BLURB:  The women of Certain Women are steady, determined, and courageous in ways they never have to call attention to. Kelly Reichardt, whose filmmaking is shorn of any shred of didacticism or bombast, gets this, and presents them plainly: never are they dramatically elevated to symbols of a particular gendered condition, but shown as humans negotiating the particulars of their socio-cultural environment. In this case, that’s an American West that Reichardt has remarkably demystified and empowered at once. Written and hegemonically upheld by Man, she doesn’t so much reimagine the landscape from a contemporary female perspective as demonstrate how its ideals are experienced and reworked through various female subjectivities. Law, property, and freedom, those sacrosanct male-scripted institutions, are undertaken by the women of Reichardt’s film, who operate within their patriarchal constraints while asserting their own agencies. Certain Women is not after a polemical call-to-arms but an inductive observation of social roles prescribed by gender and, in the superior final chapter of its triptych, by class, race, and sexuality. Reichardt offers neither a fantasy to redress systemic inequality nor a jeremiad; in the fashion befitting her unsentimental, understated style, she simply shows women living their lives, compelling us to realize that when it comes to the art of the West, that’s a quietly revolutionary thing indeed.

Tuesday, October 11, 2016

Cameraperson


CAMERAPERSON   ***1/2

Kirsten Johnson
2016


IDEA:  A film composed of unused footage cinematographer Kirsten Johnson shot for several documentaries. 


BLURB:  Without being precious or overly academic about it, Cameraperson demonstrates the transcendent body- and mind-expanding functions of the cinematographic camera apparatus. It’s right there in the title: for Johnson as it is for the spectator, the camera conflates with the individual, becoming an annex organ that has the capacity to enact and fulfill innate human needs. The humanist core that blossoms through the film’s measured formality attests to this central truth. Johnson gets us to reify how the apparatus gratifies our passion for perceiving; the ways in which it orients us in the world through mediation and identification; how it sparks our consciousnesses and consciences to make us agents of social awareness and change; most poignantly, through her deeply personal meditation on memory, deterioration, and death, its ability to overcome the constraints of time by memorializing that which is most transient. Indeed, Johnson formulates her film as a memoir, and yet we only ever see her once, briefly. In truth, there’s no need to see her at all: her footage becomes a gestalt, its content and precise formal choices enough to evince the character of the person who produced it, its collage emerging as a veritable archive of her memory and emanation of her very being. At all times asserting the presence of the camera and the influence of the person behind it, Cameraperson posits the apparatus not as a mechanical observer, but as a fundamentally human project, activated only in its interaction with the body and mind, and endowed with all the moral responsibility and fragility that inevitably entails.

Saturday, October 1, 2016

The Birth of a Nation


THE BIRTH OF A NATION   ***

Nate Parker
2016


IDEA:  The story of Nat Turner, a preacher who led fellow slaves in an insurgency against their owners in 1831 Virginia.

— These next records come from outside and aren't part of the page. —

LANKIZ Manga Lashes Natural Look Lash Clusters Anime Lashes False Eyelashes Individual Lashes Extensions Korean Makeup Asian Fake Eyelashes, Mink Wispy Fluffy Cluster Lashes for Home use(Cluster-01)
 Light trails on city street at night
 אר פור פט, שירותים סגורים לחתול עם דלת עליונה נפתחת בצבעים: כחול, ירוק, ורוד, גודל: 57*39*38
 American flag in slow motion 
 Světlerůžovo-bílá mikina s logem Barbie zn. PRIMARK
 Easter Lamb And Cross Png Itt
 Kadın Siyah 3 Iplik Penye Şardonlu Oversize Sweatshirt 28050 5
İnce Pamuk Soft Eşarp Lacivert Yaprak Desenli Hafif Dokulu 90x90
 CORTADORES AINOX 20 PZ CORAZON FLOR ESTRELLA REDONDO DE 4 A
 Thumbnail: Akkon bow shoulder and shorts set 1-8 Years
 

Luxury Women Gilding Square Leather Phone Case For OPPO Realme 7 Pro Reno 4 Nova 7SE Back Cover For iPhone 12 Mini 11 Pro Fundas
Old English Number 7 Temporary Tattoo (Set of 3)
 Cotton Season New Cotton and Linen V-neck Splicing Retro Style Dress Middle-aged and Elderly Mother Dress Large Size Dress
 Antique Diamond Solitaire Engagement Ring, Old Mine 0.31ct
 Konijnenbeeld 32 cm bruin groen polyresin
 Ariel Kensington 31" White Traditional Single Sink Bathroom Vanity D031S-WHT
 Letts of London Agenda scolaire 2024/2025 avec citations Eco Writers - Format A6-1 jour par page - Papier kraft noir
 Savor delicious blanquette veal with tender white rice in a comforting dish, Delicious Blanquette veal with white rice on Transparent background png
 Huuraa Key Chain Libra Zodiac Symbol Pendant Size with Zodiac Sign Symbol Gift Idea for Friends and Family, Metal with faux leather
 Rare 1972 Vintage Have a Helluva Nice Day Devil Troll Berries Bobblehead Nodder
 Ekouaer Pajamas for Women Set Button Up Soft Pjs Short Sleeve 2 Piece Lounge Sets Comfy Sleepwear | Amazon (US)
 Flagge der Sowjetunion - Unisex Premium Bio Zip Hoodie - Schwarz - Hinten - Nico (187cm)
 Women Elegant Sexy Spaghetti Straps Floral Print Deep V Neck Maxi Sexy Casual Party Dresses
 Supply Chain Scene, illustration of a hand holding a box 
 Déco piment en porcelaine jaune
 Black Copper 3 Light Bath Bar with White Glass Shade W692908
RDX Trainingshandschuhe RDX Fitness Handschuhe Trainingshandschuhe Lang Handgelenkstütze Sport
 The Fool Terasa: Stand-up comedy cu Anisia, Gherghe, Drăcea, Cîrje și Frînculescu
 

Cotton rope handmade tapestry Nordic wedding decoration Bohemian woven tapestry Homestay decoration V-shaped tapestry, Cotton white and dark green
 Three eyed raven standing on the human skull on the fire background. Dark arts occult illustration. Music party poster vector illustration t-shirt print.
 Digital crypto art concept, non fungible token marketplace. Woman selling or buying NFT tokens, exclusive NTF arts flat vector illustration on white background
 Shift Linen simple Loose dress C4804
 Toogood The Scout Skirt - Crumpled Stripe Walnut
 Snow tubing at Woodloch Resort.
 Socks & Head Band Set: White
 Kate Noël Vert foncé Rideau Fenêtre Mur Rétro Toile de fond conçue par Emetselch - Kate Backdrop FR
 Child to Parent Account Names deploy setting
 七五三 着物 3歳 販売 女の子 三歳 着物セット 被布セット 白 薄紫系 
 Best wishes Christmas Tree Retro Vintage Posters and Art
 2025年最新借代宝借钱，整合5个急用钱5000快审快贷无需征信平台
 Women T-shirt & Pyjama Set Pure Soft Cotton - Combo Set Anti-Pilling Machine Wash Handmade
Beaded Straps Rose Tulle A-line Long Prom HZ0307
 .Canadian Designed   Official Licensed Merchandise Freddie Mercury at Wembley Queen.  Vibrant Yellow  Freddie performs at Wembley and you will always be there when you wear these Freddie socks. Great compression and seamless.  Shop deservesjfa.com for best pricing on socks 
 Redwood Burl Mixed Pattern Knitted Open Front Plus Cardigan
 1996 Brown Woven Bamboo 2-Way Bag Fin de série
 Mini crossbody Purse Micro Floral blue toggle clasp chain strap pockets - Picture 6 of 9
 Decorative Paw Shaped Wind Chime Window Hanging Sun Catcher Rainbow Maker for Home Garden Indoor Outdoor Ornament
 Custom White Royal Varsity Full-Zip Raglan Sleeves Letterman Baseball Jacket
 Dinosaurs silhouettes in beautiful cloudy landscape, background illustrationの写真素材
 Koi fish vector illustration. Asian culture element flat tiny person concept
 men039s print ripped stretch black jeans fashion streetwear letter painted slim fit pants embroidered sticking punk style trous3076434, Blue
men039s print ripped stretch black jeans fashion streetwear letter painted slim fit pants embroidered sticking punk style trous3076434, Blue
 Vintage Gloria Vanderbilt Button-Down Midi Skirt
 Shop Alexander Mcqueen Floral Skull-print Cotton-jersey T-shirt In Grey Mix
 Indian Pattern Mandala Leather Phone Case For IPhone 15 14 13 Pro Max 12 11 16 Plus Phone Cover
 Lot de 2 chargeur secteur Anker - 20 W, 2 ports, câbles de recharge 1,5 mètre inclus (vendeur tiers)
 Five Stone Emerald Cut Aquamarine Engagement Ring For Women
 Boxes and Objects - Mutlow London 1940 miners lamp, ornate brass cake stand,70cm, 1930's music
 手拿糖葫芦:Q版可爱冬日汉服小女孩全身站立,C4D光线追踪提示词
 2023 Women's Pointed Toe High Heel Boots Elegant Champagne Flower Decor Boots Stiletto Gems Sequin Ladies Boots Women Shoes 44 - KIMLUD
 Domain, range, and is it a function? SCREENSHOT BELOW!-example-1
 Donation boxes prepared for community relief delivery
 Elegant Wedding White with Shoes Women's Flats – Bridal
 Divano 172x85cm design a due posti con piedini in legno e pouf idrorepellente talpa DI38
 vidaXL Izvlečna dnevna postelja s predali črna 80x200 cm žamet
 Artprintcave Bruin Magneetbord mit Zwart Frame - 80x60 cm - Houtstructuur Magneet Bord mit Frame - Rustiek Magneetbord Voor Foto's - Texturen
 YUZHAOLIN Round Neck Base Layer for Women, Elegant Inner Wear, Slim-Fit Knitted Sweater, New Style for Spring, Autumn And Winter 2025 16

BLURB:  Bristling with urgency and palpable moral outrage, The Birth of a Nation decocts American racial tensions in service of a cathartic cri de coeur for our uneasy times. More than a retelling of a historical event, the film is energized by the politics of the contemporary moment that inform its righteous anger. Nate Parker potently builds the cultural resonances into the picture, locating biblical and modern parallels in a story he fashions as both myth and future social promise. The portrayal of profoundly recusant slave Nat Turner could rightly be dinged for hagiography if not for the way he becomes filtered through his own homiletic teachings: while the Christ imagery is heavy-handed and often excessive, especially considering Parker has cast himself in the sanctified role, it is drawn from a place deeply connected to the guiding principles of his character and the culture he emboldens. Like the film’s title, it is also an emphatic reclamation of text that has and continues to be used to persecute and subjugate. Parker bluntly foregrounds this safeguard of religion to underscore its centrality and assert its primary purpose as one of enlightenment. He also calls upon other hallmarks of what would become the civil rights movement, giving particularly persuasive space to the rallying power of oration. The Birth of a Nation is not an especially refined film, and it shouldn’t have to be. Parker’s rough-edged, two-fisted approach bespeaks a visceral, untrammeled expression that in many ways disarms legitimate reservations about his film’s design. An emotional and political deflagration, it bursts forth as a splanchnic howl from the depths of an embattled African American psyche.